The Joy Luck Club (inspired by Films to be buried with)

2 Mar

Crying because of something you see in a movie is a disorienting experience. It’s cathartic, so at times it’s an experience to seek out, and yet at other times it’s an experience to avoid. Because you know how you’ll react. For a while now, my Dad has been reminding me that “The Joy Luck Club” is newly recorded on our TV, and yet I hesitate to watch it. Maybe some evening when I’m all alone, and need a good cry. Or when I miss my Mom.

I don’t think it usually pops up on lists of movies that make audiences cry- it’s no “Dead Poets Society”- but it’s about the relationships between a set of mothers and daughters- specifically, immigrant mothers.
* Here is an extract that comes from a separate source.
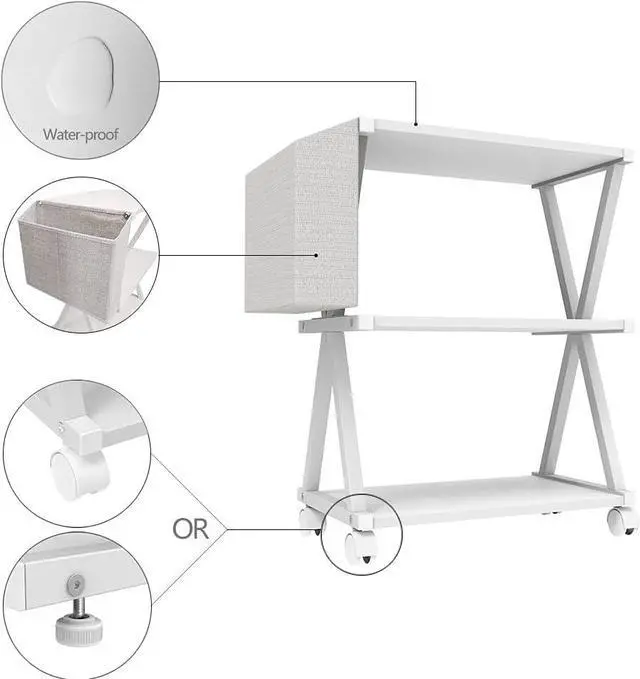 Alt view image 4 of 7 - VEDECASA White Mobile Printer Stand 3 Tier Wood Shelf Metal Frame Printer Cart with Storage Bag for Home Office Modern Under Desk Table Side Printer Cart with Rolling Caster Wheel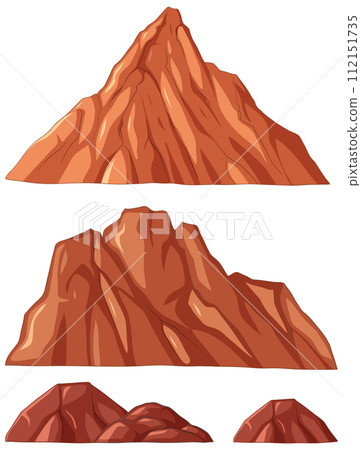 Majestic Mountain Peaks Vector Set 112151735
Naturally, the comparison to my family is apt, since my Mom was born in Mexico, the only one of her friends to not be born in the U.S. Yet there are aspects of her life in the old country, and her striving for a better life in America, that resonate in the movie. One obvious theme that comes through is the idea that mothers will do anything at all for their children. I recall a scene where an exhausted woman leaves her howling twin babies by the side of the road, as she continues on her journey with one older child. Then, towards the end of the film, this grown baby, now an adult, travels to China to meet the twin sisters she never knew. The durable ties of family. Cue the tears.
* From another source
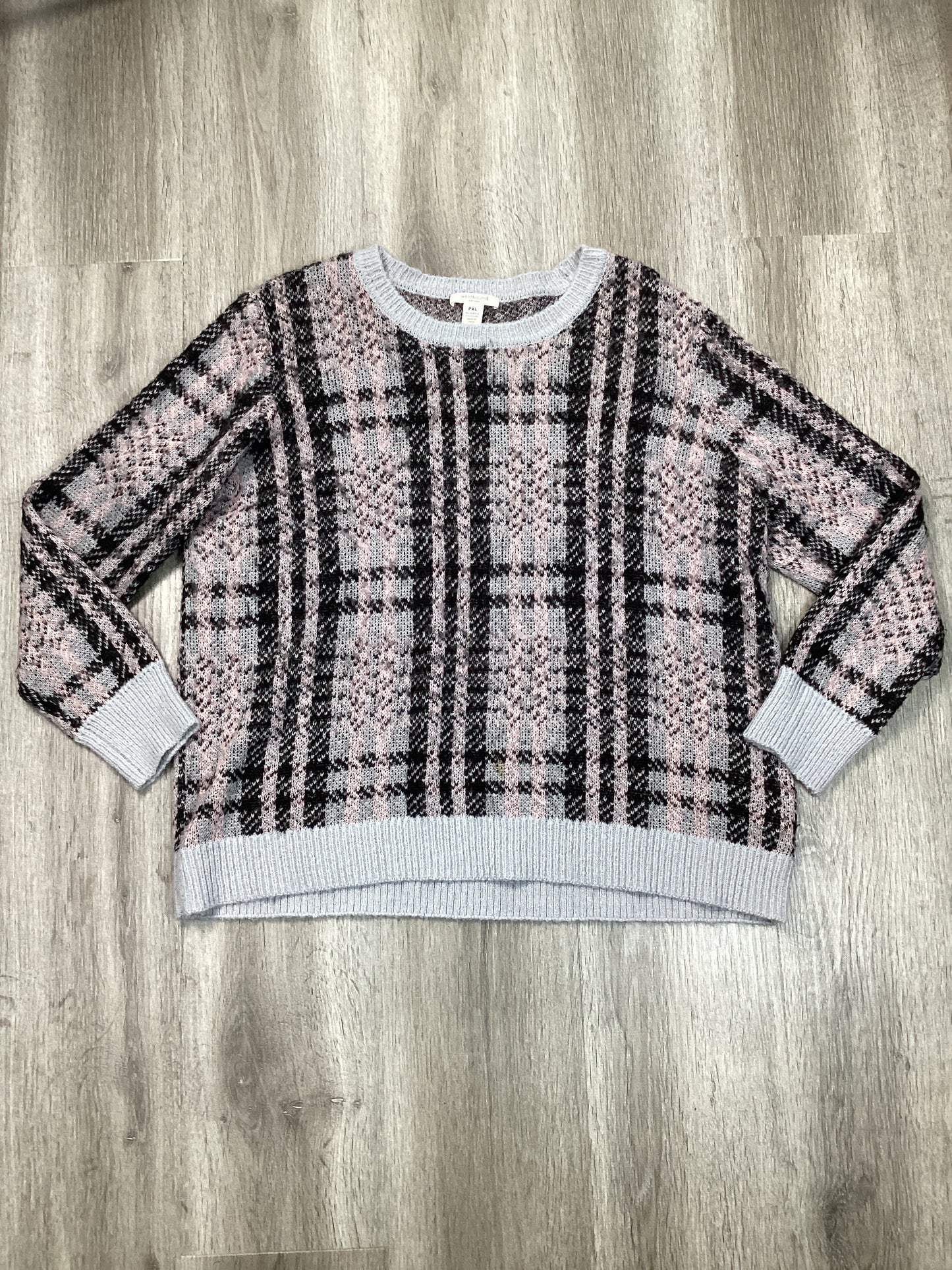 Sweater By West Bound In Black & Pink, Size: Xlp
The one scene, besides that one, that always gets my tears flowing is the one where this same daughter, played by Ming-Na Wen, argues to her mother that she is nothing like her peers because she isn’t as smart, or beautiful, or successful. Her mother stops her and says, “You have perfect quality heart. I see you”. I can barely type the sentence without tearing up now! What a resolution to a difficult mother/daughter relationship. Maybe I relate to the young woman who always compares herself unfavorably to her peers, and just wants that familial (motherly) recognition. I see you. It’s so simple, and so moving.